BEGIN
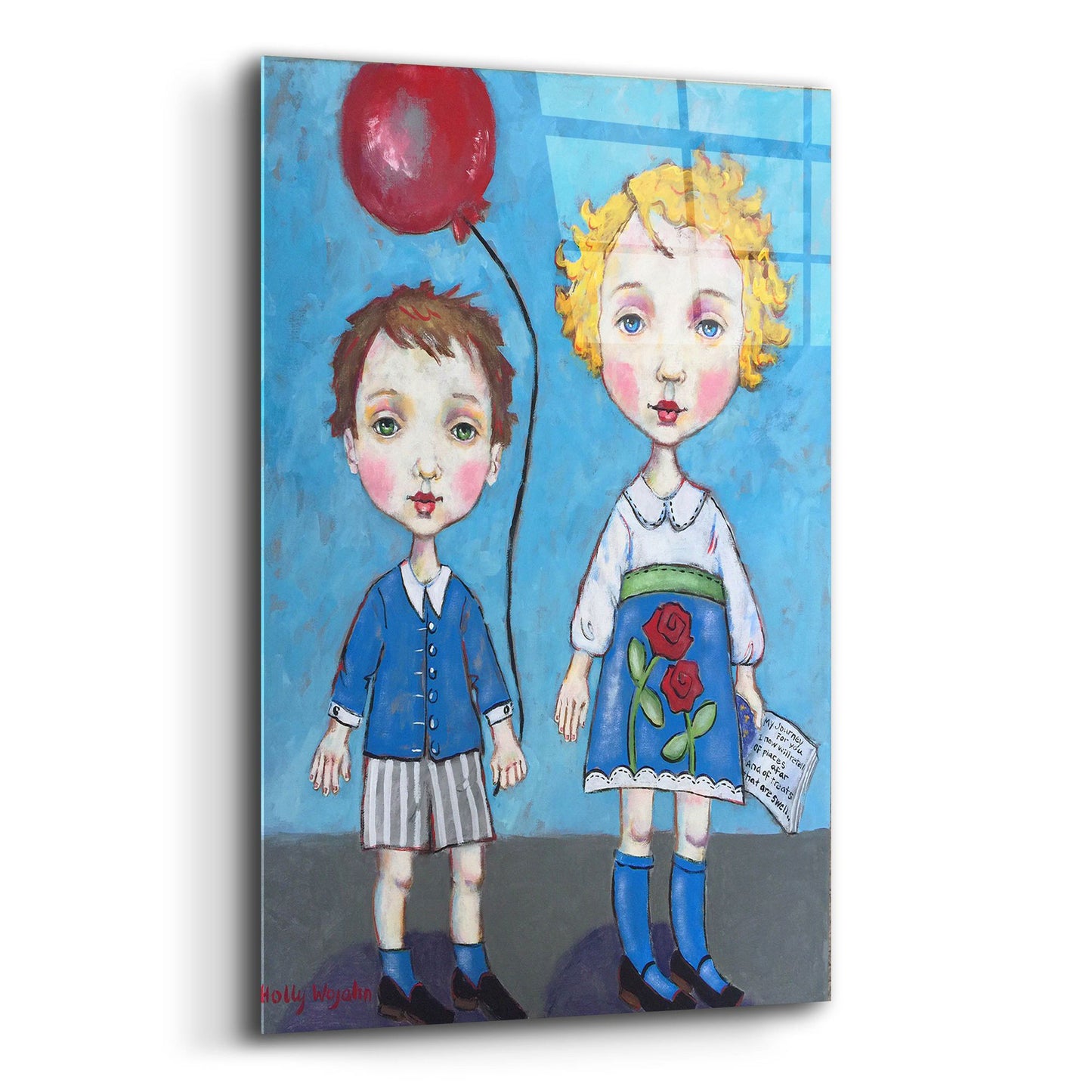 Epic Art 'The Red Balloon' by Holly Wojhan, Acrylic Glass Wall Art,12x16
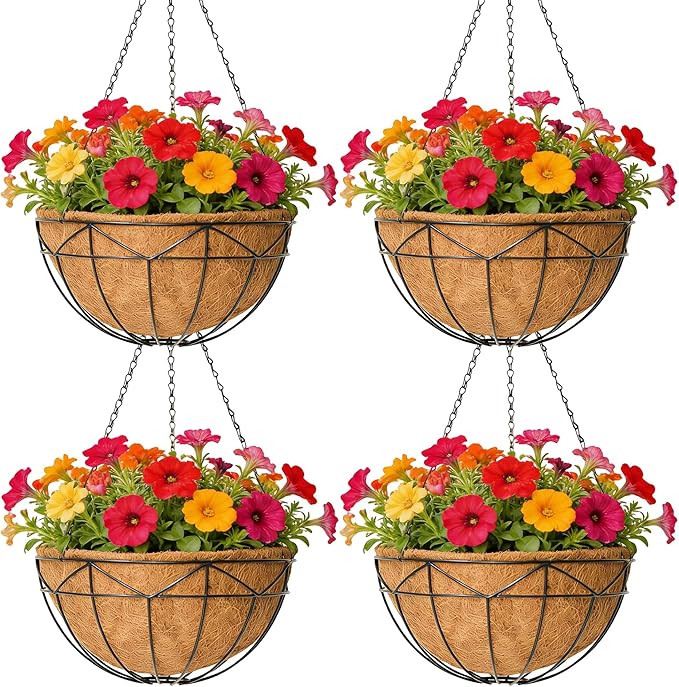 Unique Metal Iron Geometric Hanging Planter Set of 4 Stylish 12 Inch Extra Deep Coco Liner Breathable Heavy Duty Balcony Tree Hanging Basket Drop Weatherproof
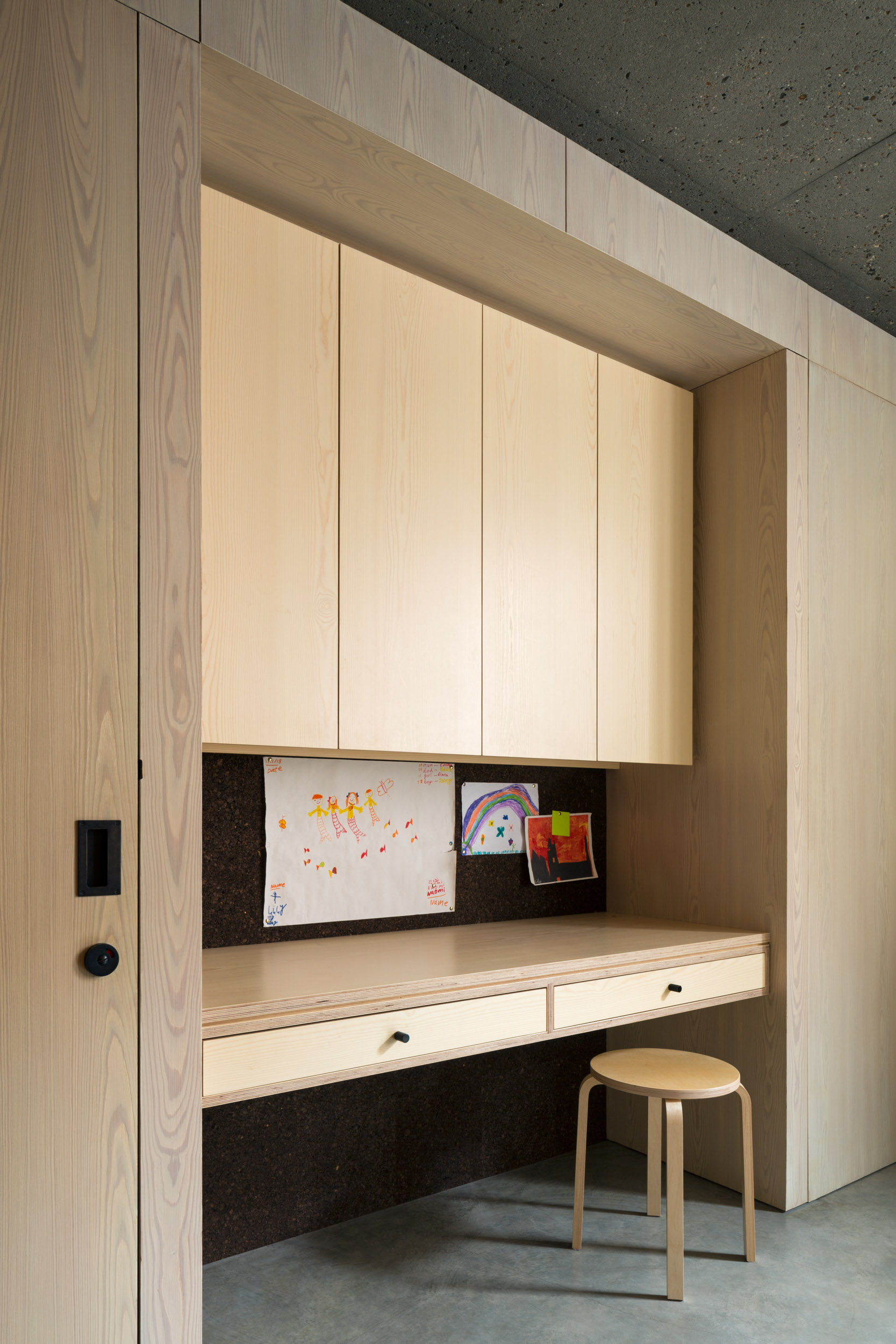 Douglas fir plywood bespoke desk and cupboards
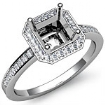 1Ct Diamond Engagement Ring Halo Setting Platinum 950 Asscher Shape Semi Mount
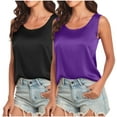 thumbnail image 1 of Jalioing 2 Pack Satin Tank Tops for Women Casual Comfy Sleeveless Silk Tee Scoop Neck Fashion Summer Shirts, 1 of 6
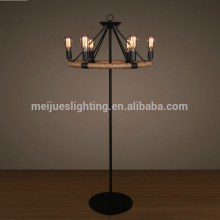 Classic Vintage Floor Lamp Circle Hemp Rope Floor Lamp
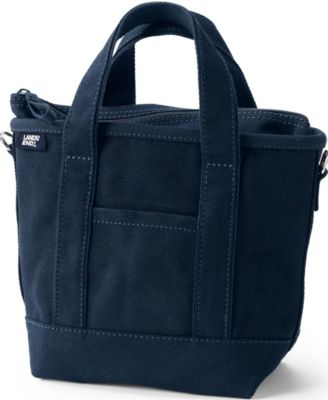 Маленькая однотонная холщовая сумка Lands' End с 3 карманами на молнии сверху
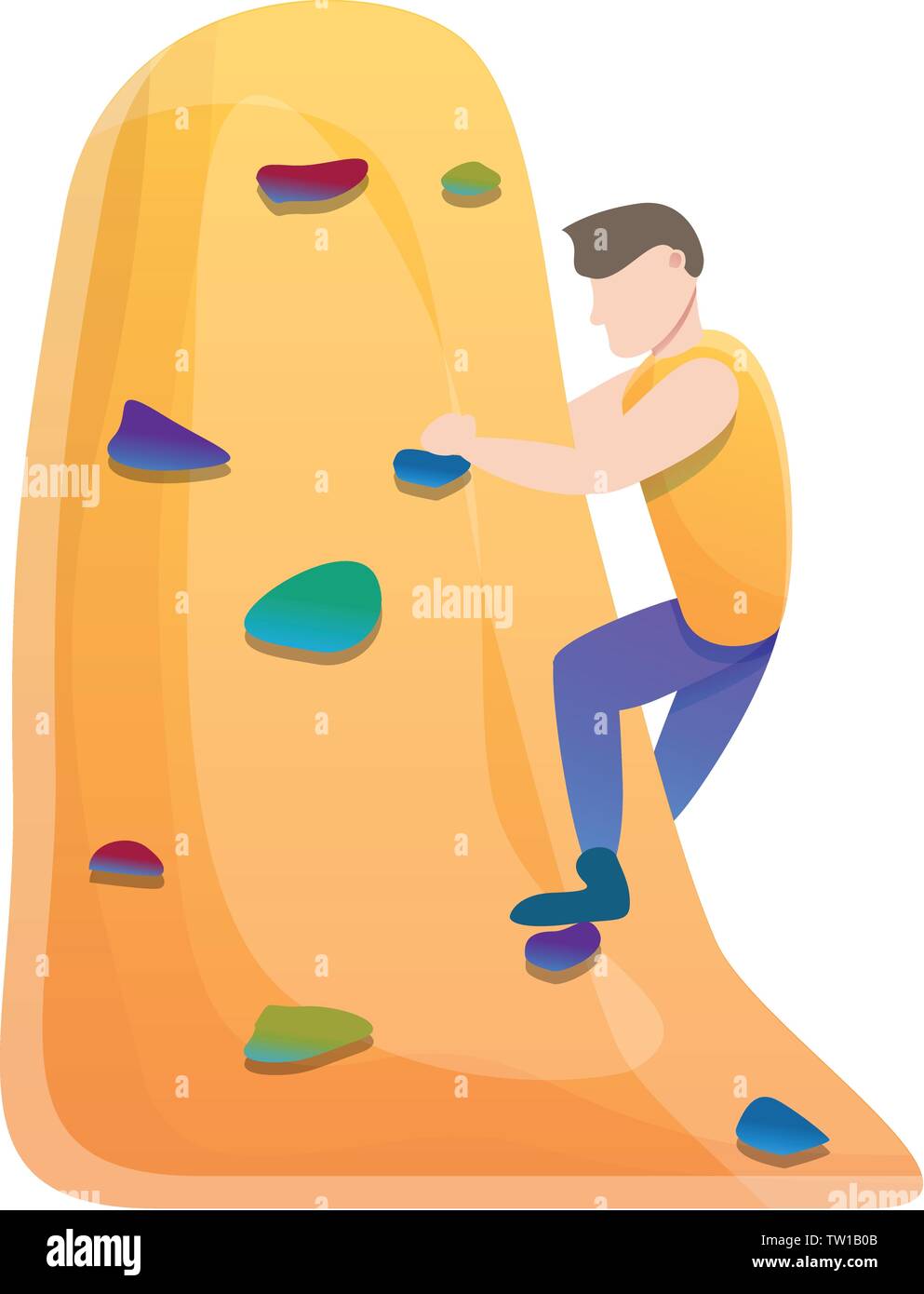 Alpinist wall climbing icon. Cartoon of alpinist wall climbing vector icon for web design isolated on white background Stock Vector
END
Take the material above from the line bearing "Douglas fir plywood" through the line bearing "Classic Vintage Floor" and write it out exactly, both end lines included. Pictures stay out.

 Douglas fir plywood bespoke desk and cupboards
 1Ct Diamond Engagement Ring Halo Setting Platinum 950 Asscher Shape Semi Mount
 thumbnail image 1 of Jalioing 2 Pack Satin Tank Tops for Women Casual Comfy Sleeveless Silk Tee Scoop Neck Fashion Summer Shirts, 1 of 6
 Classic Vintage Floor Lamp Circle Hemp Rope Floor Lamp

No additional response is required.